EXTRACTED ENTRIES.
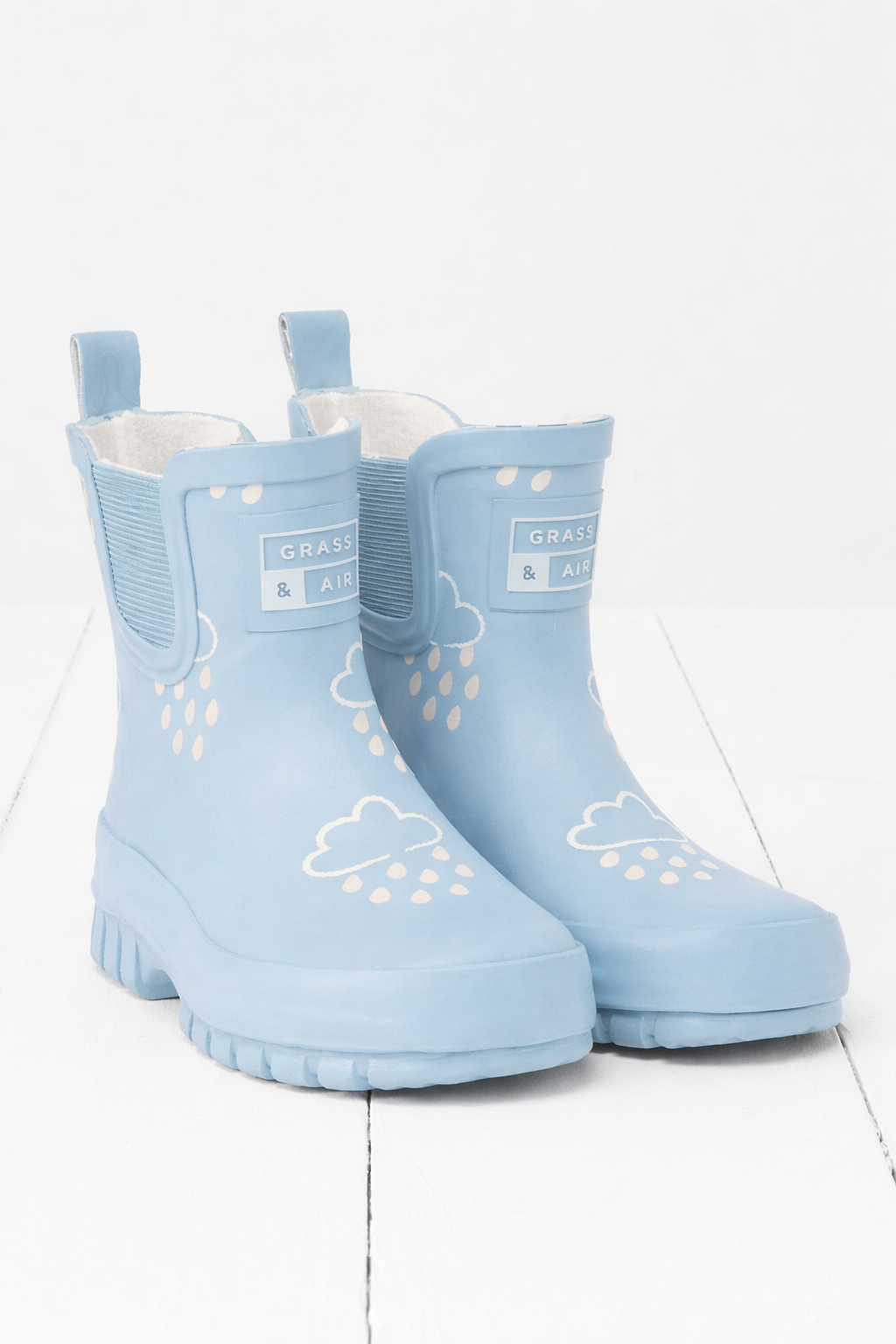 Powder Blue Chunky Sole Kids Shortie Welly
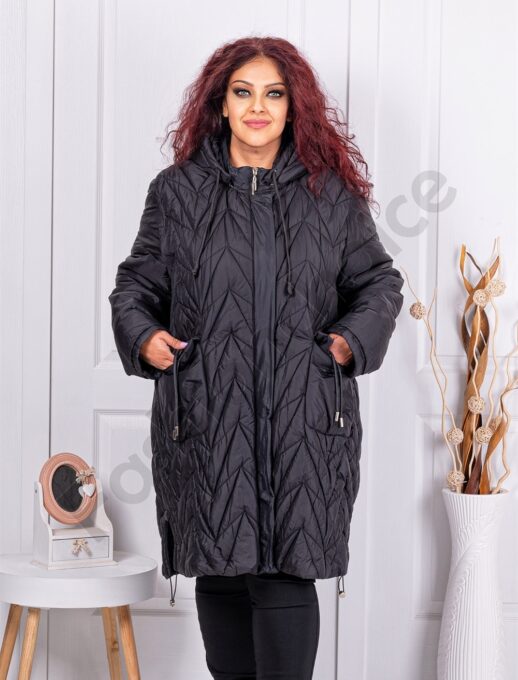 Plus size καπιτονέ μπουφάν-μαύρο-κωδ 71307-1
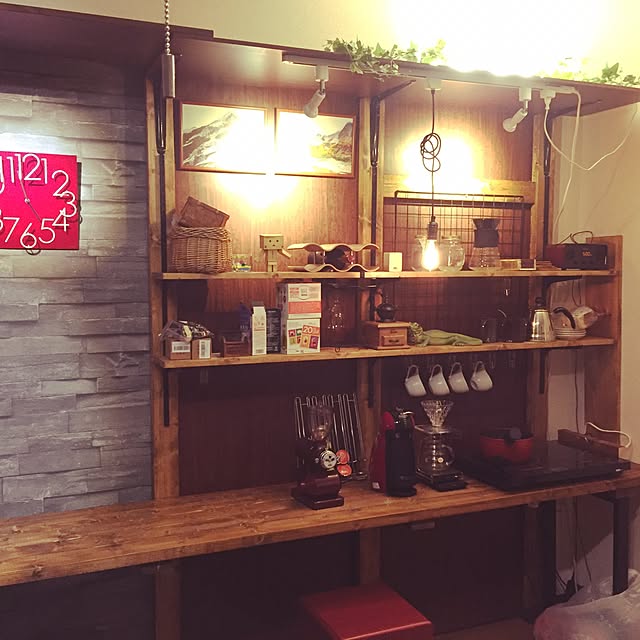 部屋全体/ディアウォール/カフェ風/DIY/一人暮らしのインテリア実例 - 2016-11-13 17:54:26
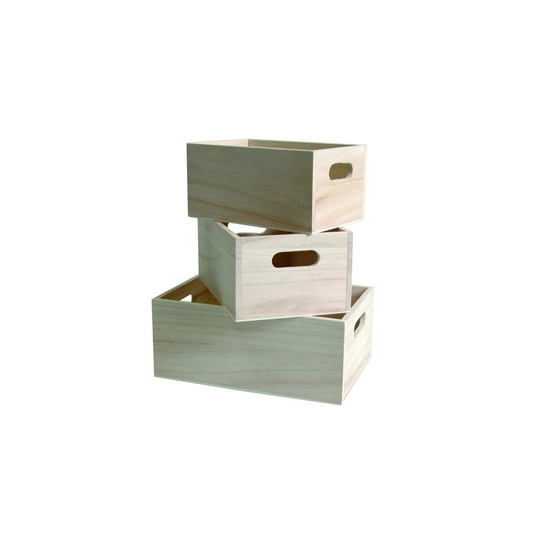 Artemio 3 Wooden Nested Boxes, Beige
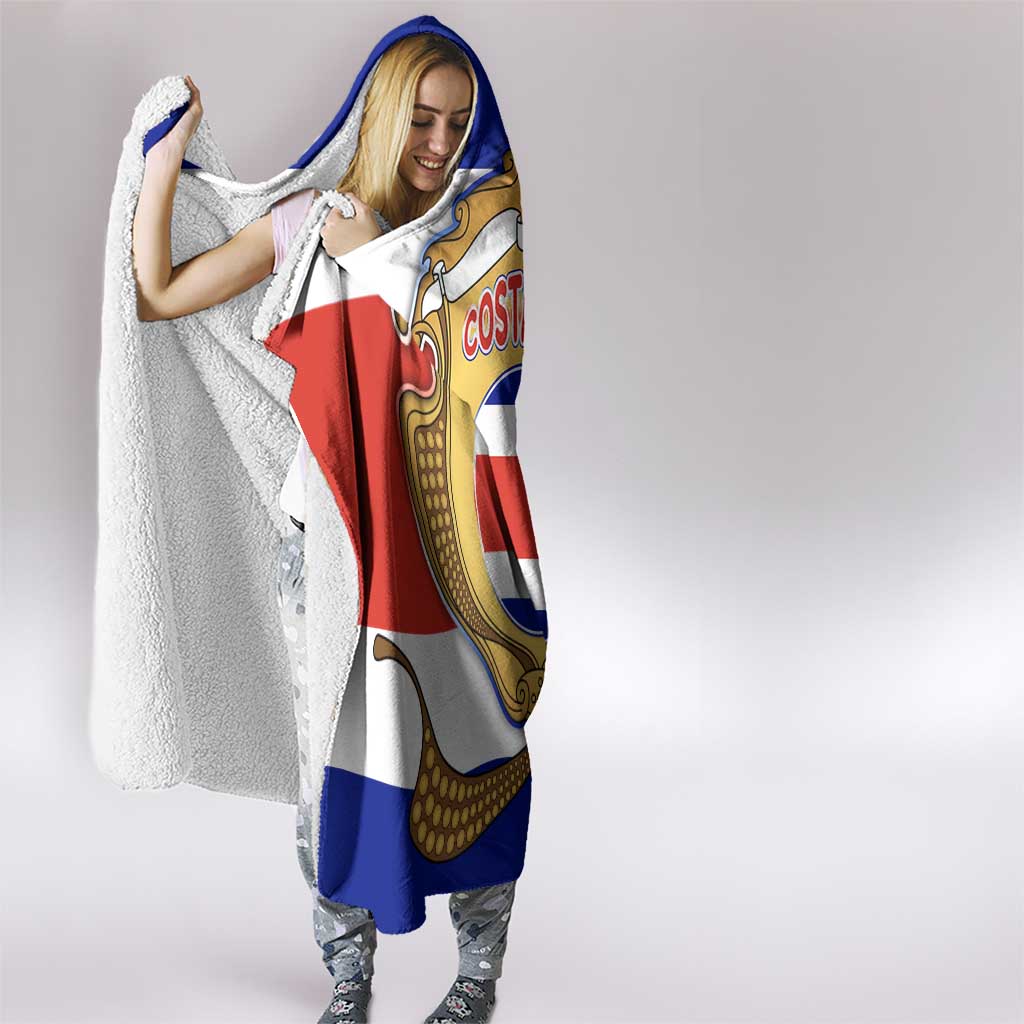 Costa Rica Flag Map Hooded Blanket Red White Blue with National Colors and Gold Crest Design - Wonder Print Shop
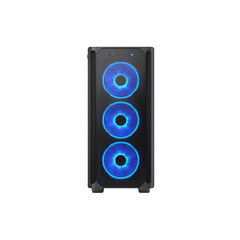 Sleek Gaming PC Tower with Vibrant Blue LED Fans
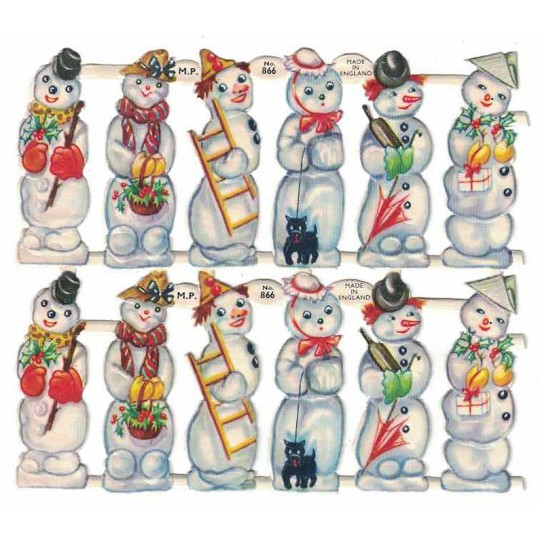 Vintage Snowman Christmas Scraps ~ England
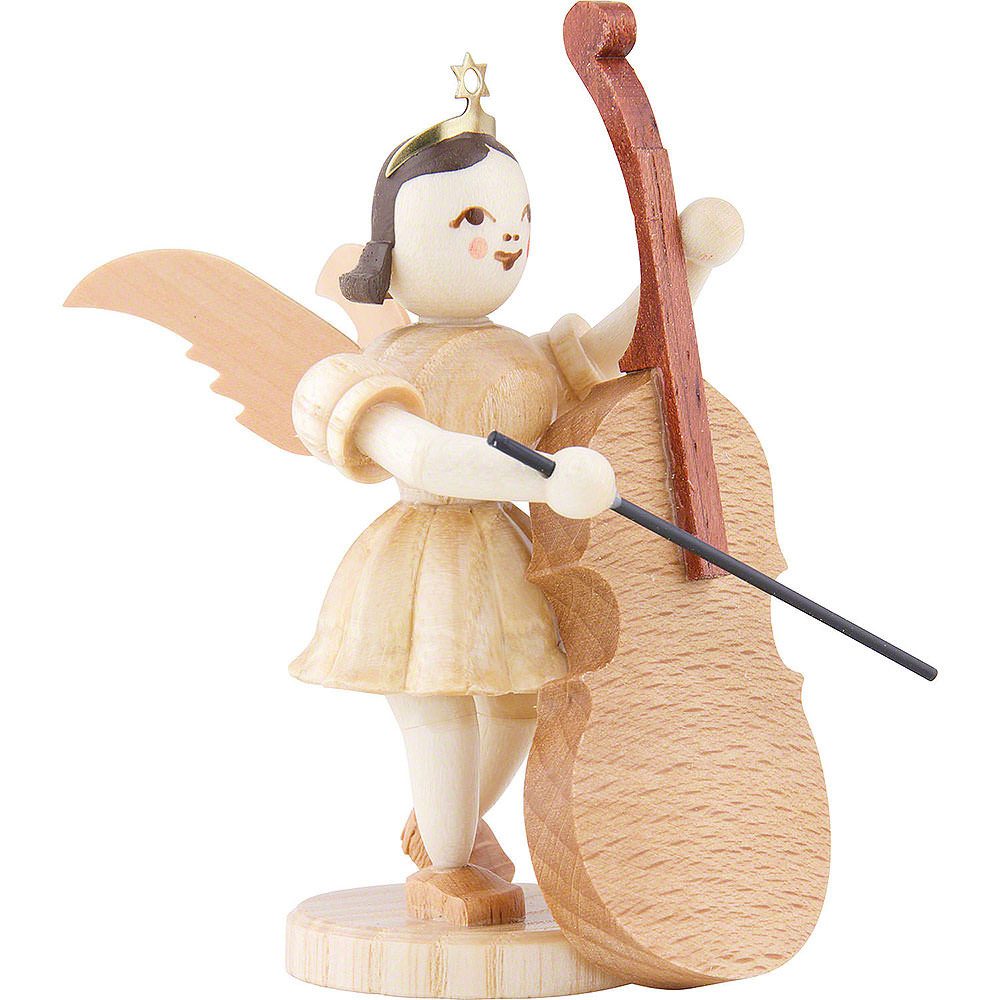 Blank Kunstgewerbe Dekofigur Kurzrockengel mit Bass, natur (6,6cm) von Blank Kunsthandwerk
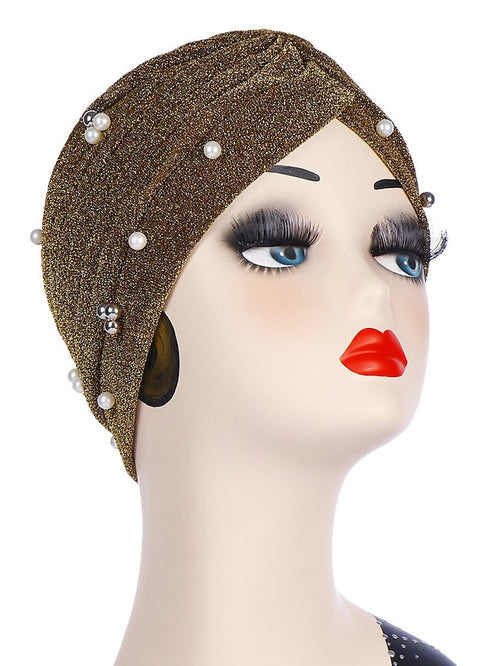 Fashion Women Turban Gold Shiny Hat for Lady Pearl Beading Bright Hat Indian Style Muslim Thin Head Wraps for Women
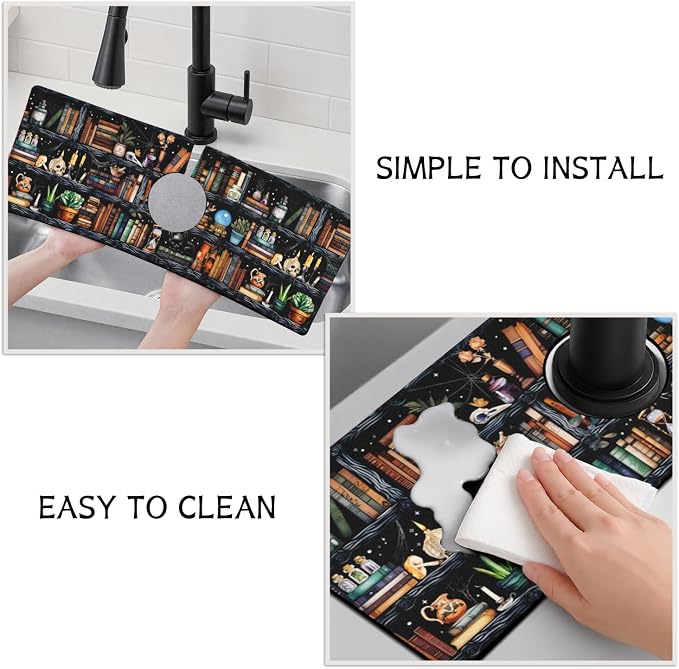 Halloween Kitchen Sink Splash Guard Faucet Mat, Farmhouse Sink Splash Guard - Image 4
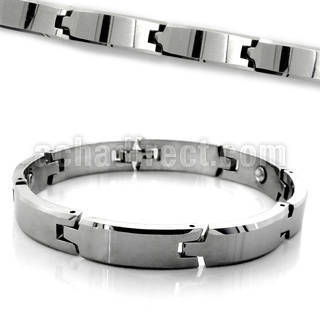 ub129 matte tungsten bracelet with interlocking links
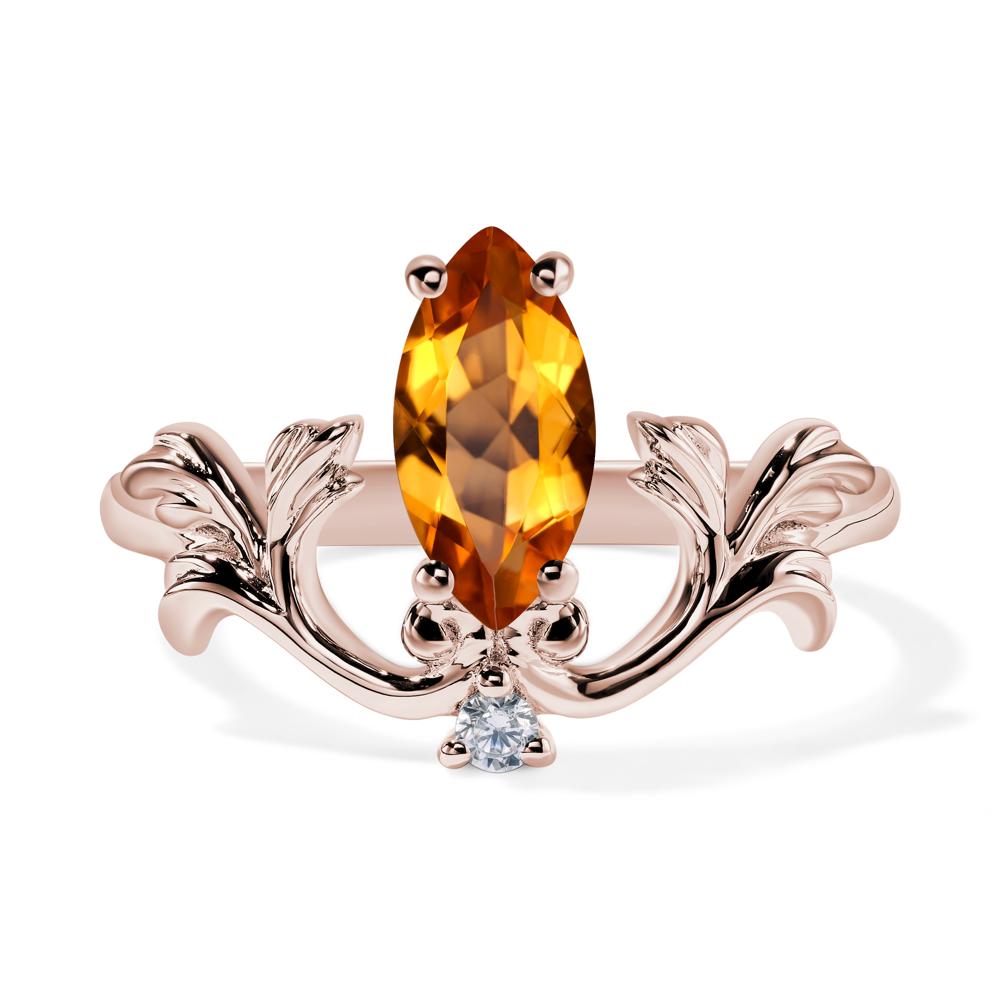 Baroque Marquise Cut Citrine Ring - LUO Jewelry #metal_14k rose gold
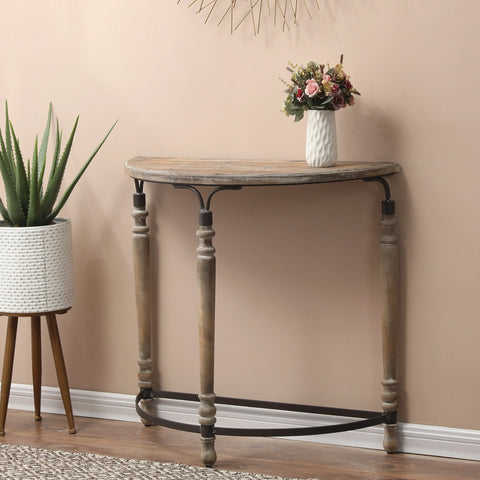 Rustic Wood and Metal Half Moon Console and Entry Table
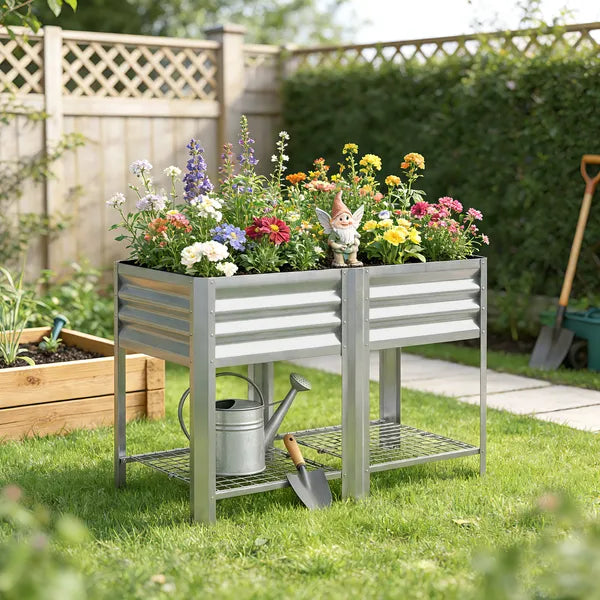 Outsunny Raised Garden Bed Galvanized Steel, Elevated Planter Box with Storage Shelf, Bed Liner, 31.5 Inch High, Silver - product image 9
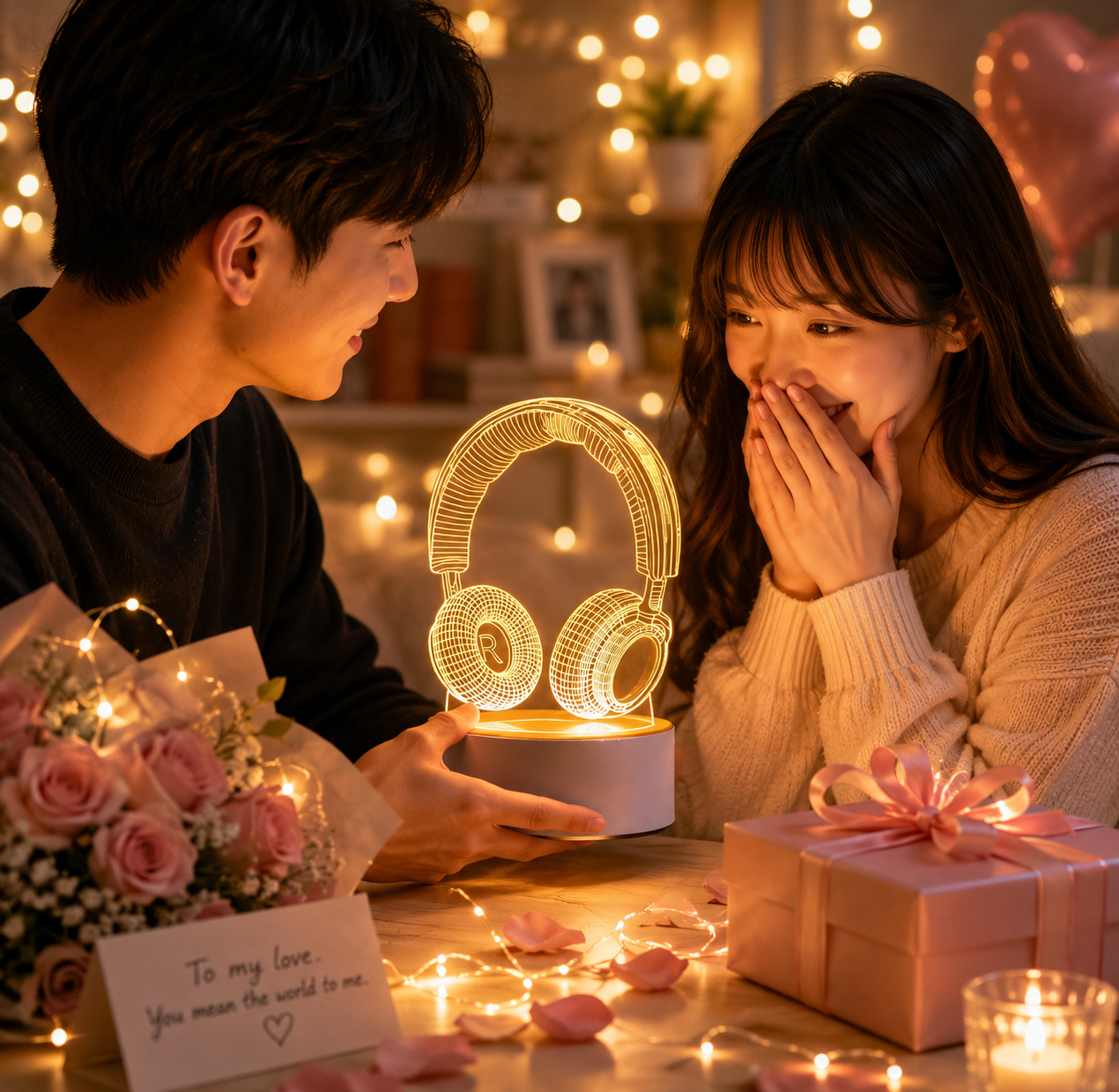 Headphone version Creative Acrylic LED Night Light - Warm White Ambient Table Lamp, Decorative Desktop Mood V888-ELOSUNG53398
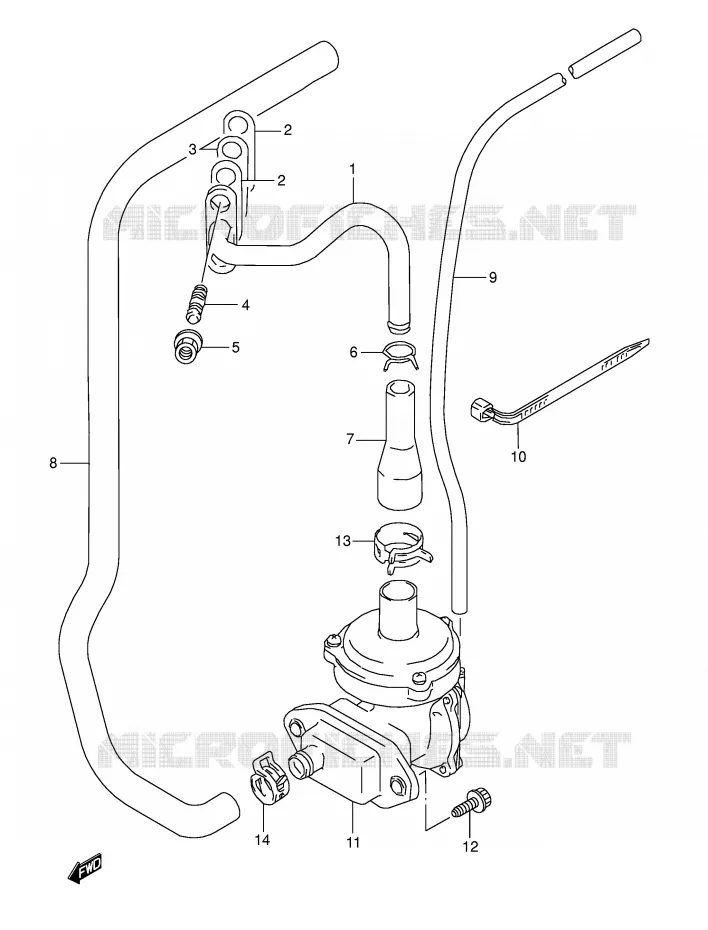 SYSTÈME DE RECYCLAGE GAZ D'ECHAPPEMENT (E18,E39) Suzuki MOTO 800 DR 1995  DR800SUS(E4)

EXERCISE REQUIREMENTS. An exact copy of the records above is wanted, with the pictures omitted.

WRITTEN SOLUTION.
 Powder Blue Chunky Sole Kids Shortie Welly
 Plus size καπιτονέ μπουφάν-μαύρο-κωδ 71307-1
 部屋全体/ディアウォール/カフェ風/DIY/一人暮らしのインテリア実例 - 2016-11-13 17:54:26
 Artemio 3 Wooden Nested Boxes, Beige
 Costa Rica Flag Map Hooded Blanket Red White Blue with National Colors and Gold Crest Design - Wonder Print Shop
 Sleek Gaming PC Tower with Vibrant Blue LED Fans
 Vintage Snowman Christmas Scraps ~ England
 Blank Kunstgewerbe Dekofigur Kurzrockengel mit Bass, natur (6,6cm) von Blank Kunsthandwerk
 Fashion Women Turban Gold Shiny Hat for Lady Pearl Beading Bright Hat Indian Style Muslim Thin Head Wraps for Women
 Halloween Kitchen Sink Splash Guard Faucet Mat, Farmhouse Sink Splash Guard - Image 4
 ub129 matte tungsten bracelet with interlocking links
 Baroque Marquise Cut Citrine Ring - LUO Jewelry #metal_14k rose gold
 Rustic Wood and Metal Half Moon Console and Entry Table
 Outsunny Raised Garden Bed Galvanized Steel, Elevated Planter Box with Storage Shelf, Bed Liner, 31.5 Inch High, Silver - product image 9
 Headphone version Creative Acrylic LED Night Light - Warm White Ambient Table Lamp, Decorative Desktop Mood V888-ELOSUNG53398
 SYSTÈME DE RECYCLAGE GAZ D'ECHAPPEMENT (E18,E39) Suzuki MOTO 800 DR 1995  DR800SUS(E4)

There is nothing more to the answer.